MET was revealed to inhibit mitochondrial glycerol-3-phosphate dehydrogenase, raising the cytosolic NADH/NAD+ ratio and impairing utilization of redox-dependent substrates for gluconeogenesis, but surprisingly the mitochondrial NADH pool decreased [58]. Here as in other reports [59], the result was quite the opposite. MET reduced this intracellular compartment much more as evidenced by the rise in β-hydroxybutyrate/acetoacetate ratio, a common index of mitochondrial redox state. Despite these discrepancies, possibly reflecting the differences in protocol used for drug administration and/or treatment duration, one may stress that the major target of MET was mitochondria since it selectively inhibited respiratory chain complex I [60, 61]. Taking into account that we highlighted the occurrence of increased oxidative stress along with defective oxidative phosphorylation in diabetic P. obesus [18], the current results warrant further investigation for better deciphering the exact mitochondrial role of MET in this rodent strain. When comparing the metabolic action of MET on hepatocytes from normal Wistar rats with that from control lean P. obesus, this drug induced mixed effects in the latter. Indeed, gluconeogenesis was barely affected and glycolysis was increased but both pathways were significantly altered in Wistar rats [13]. This may correspond to distinct modes of behaviour, keeping in mind that insulin was relatively high in spite of a very low basal metabolic rate associated with a slow digestion of plants (ND) in the cecum of P. obesus [62], thus permitting them to stimulate lipogenesis, when the capacity for glucose oxidation was smaller than in Wistar rats [13, 63].

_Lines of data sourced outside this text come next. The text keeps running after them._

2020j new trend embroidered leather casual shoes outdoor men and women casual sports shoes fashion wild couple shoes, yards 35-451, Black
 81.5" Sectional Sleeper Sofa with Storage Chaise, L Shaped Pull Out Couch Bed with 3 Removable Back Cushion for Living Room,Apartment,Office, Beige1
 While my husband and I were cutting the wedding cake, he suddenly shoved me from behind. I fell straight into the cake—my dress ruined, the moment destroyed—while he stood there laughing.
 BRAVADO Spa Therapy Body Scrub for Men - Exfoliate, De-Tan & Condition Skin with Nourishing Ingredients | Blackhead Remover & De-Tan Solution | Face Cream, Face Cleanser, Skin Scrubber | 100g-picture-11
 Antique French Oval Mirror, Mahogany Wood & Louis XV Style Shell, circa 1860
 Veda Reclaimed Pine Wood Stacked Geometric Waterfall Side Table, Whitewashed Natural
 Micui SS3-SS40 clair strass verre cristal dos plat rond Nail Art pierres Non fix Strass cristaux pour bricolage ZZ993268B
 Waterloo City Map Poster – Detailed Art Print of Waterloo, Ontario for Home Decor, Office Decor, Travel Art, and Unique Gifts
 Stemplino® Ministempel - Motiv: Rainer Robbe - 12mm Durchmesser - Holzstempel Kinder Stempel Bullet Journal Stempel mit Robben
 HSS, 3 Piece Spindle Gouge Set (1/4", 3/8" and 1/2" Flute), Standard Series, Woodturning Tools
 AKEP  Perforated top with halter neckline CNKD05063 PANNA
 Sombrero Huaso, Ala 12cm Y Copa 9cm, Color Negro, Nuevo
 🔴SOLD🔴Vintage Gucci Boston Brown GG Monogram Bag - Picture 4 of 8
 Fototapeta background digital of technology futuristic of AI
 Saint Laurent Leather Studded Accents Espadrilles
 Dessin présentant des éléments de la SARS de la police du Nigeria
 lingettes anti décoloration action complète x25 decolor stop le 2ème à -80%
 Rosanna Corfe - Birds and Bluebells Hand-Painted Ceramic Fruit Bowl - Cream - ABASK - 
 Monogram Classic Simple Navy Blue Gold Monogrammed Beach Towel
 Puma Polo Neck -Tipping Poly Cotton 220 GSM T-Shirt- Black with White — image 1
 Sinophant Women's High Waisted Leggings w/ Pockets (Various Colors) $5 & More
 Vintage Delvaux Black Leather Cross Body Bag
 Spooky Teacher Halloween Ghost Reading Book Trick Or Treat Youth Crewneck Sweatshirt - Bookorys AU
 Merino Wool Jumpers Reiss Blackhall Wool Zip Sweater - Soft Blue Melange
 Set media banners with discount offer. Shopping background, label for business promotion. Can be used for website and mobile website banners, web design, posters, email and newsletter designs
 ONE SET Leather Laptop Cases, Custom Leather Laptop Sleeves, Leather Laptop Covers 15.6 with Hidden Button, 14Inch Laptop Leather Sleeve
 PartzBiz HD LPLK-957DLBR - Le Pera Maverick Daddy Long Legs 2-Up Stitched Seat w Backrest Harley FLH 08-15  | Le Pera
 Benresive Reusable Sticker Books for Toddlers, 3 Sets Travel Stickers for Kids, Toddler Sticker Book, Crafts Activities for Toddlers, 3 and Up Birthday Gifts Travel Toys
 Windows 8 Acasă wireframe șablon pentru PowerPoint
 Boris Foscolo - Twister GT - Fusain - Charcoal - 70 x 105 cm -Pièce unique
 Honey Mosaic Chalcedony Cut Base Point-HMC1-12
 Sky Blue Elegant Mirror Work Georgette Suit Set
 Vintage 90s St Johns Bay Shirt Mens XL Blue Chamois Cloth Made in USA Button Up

Although some studies found that MET reduced body weight gain in patients suffering from diabetes [64], we did not observe any effect on fat deposition in diabetic P. obesus. Meanwhile, the caloric intake was substantially lessened by MET. This drug could thus indirectly influence the central nervous system through a modulation of hypothalamic feeding circuits [65]. Indeed, by accumulating into the gut, MET increased incretins level, including glucagon-like peptide-1 (GLP-1), in obese patients [66] and T2DM animal models [67]. In that respect, authors disclosed an upregulation of GLP-1 release in metabolically challenged P. obesus rats [68]. These last observations reinforce the idea that MET might exert its glucose-lowering action via the gut as newly proposed in human beings, at least when administrated orally [69]. An explanation for the reduced food intake seen in diabetic P. obesus under MET treatment could be linked to this phenomenon but direct evidence for this was not available.
Conclusions
If healthy P. obesus did not fulfill the criteria for metabolic syndrome, by means of adaptation to a hypocaloric food (ND), transferring them to a HED for 24 weeks led to profound metabolic disorders which were acutely corrected by MET. Our in vivo and in vitro findings confirmed its effectiveness to ameliorate ketoacidosis and lipid metabolism in diabetic P. obesus; these events likely relied on hepatocellular redox status and mitochondrial activity (see Fig 3 for summary).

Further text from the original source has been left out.